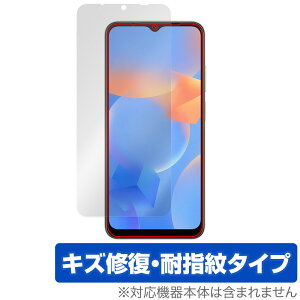 Blackview A52 Pro / A52 �ی� �t�B���� OverLay Magic for �u���b�N�r���[ �X�}�[�g�t�H�� ���C�� �ώw�� �w��h�~ �R�[�e�B���O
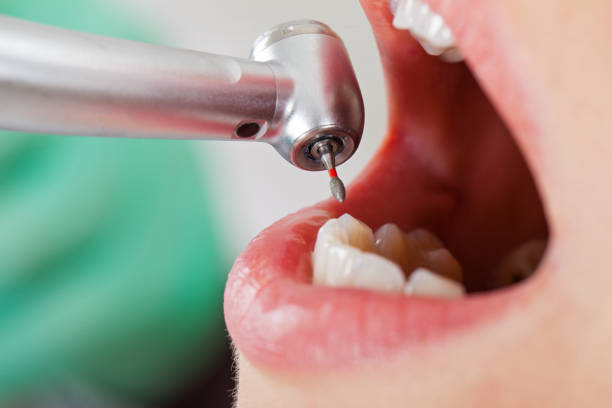 Best Pediatric Emergency Dentist in Tybee Island, GA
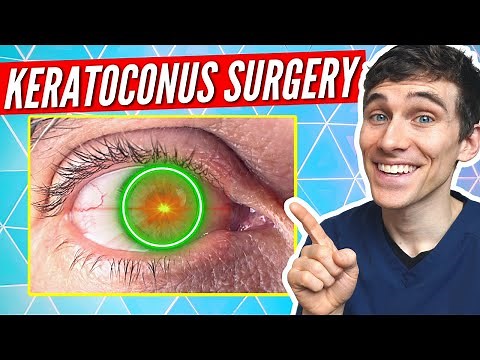 What is Corneal Collagen Crosslinking? Keratoconus Treatment Explained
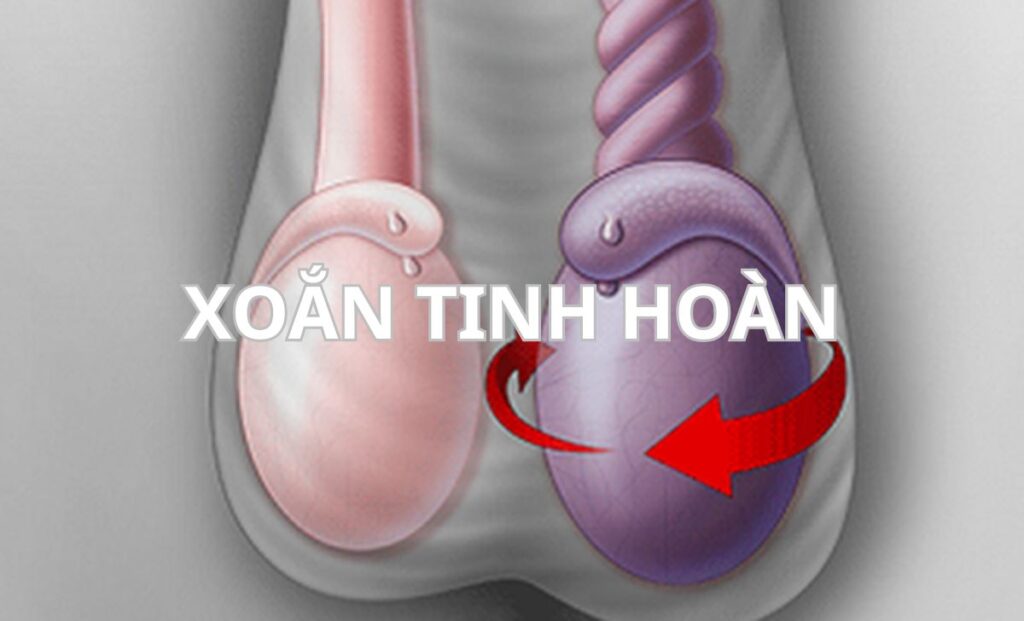 Xoắn tinh hoàn: Dấu hiệu nhận biết và cách xử lý cấp cứu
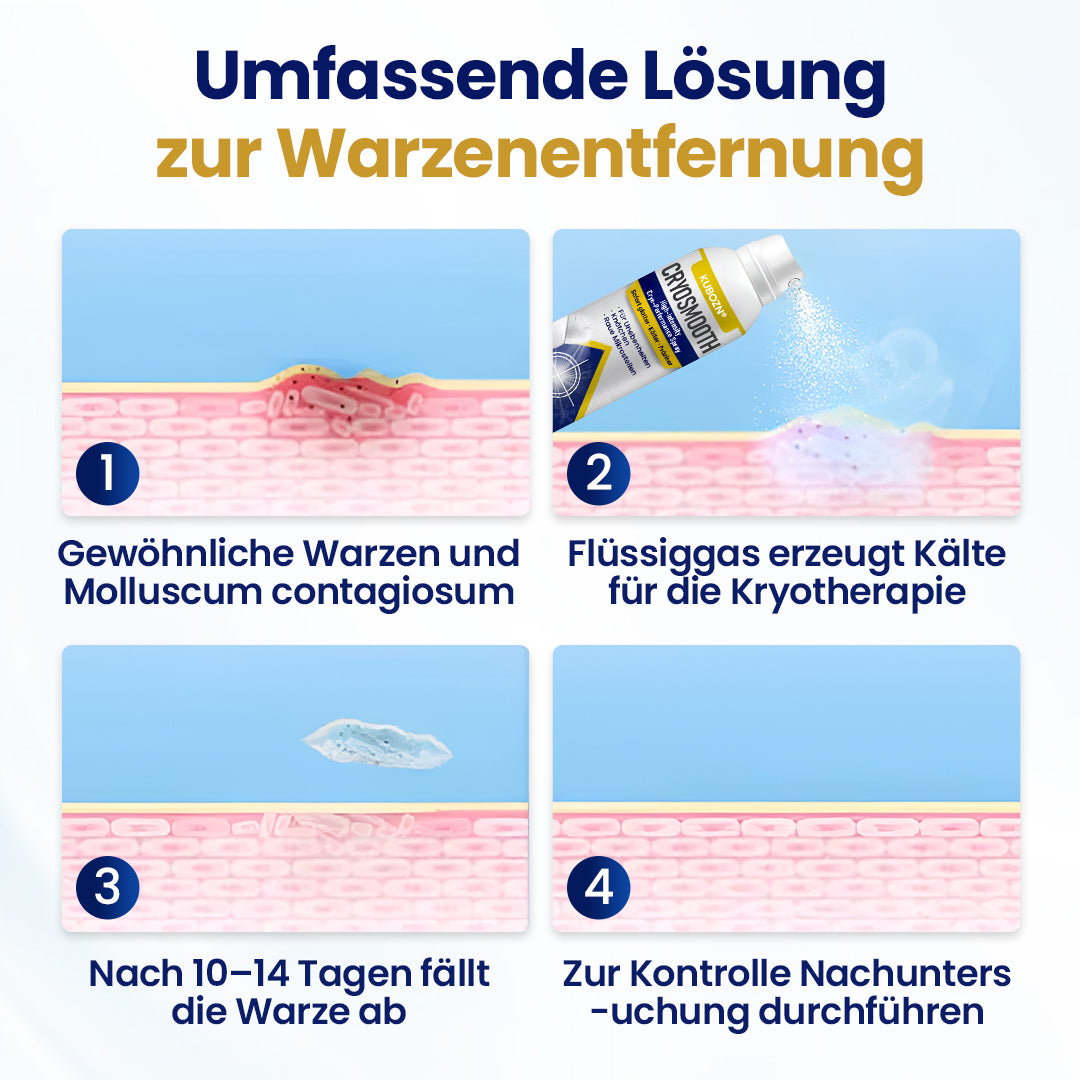 ⭐ KUBOZN® ChillErase – Präzisions-Pflegespray gegen Unebenheiten & kleine Hautknötchen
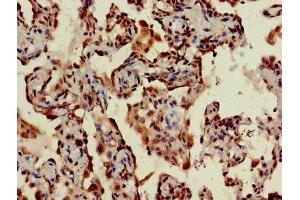 IHC image of ABIN7170794 diluted at 1:400 and staining in paraffin-embedded human lung cancer performed on a Leica BondTM system. (STING/TMEM173 antibody  (AA 207-379))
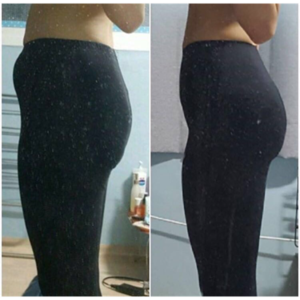 貴陽華美整形美容醫(yī)院醫(yī)生田永華做大腿吸脂效果怎么樣？附大腿吸脂案例前后對比圖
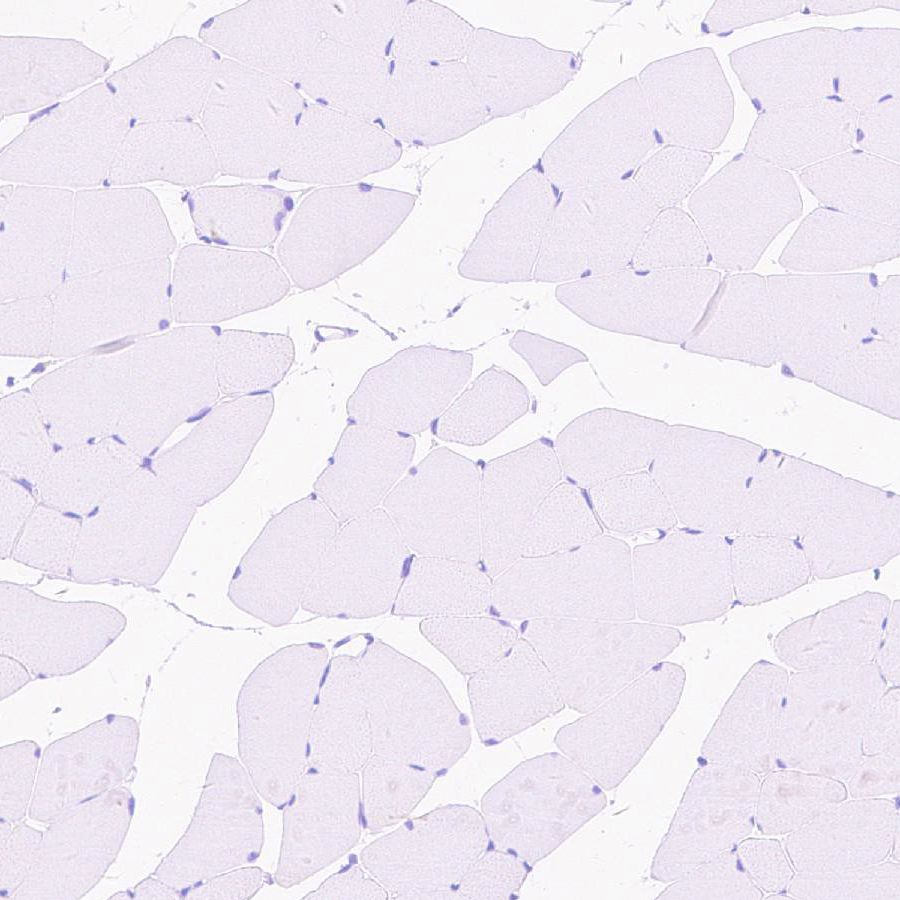 Immunohistochemistry (Formalin/PFA-fixed paraffin-embedded sections) - Anti-FOXP2 antibody [EPR27323-26] - BSA and Azide free (AB307506), expandable thumbnail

ACTIVITY
Restate word for word every line from the one with "What is Corneal" up to and including the one with "貴陽華美整形美容醫(yī)院" in the records above, minus the pictures.

OUTPUT FOR THIS TASK
 What is Corneal Collagen Crosslinking? Keratoconus Treatment Explained
 Xoắn tinh hoàn: Dấu hiệu nhận biết và cách xử lý cấp cứu
 ⭐ KUBOZN® ChillErase – Präzisions-Pflegespray gegen Unebenheiten & kleine Hautknötchen
 IHC image of ABIN7170794 diluted at 1:400 and staining in paraffin-embedded human lung cancer performed on a Leica BondTM system. (STING/TMEM173 antibody  (AA 207-379))
 貴陽華美整形美容醫(yī)院醫(yī)生田永華做大腿吸脂效果怎么樣？附大腿吸脂案例前后對比圖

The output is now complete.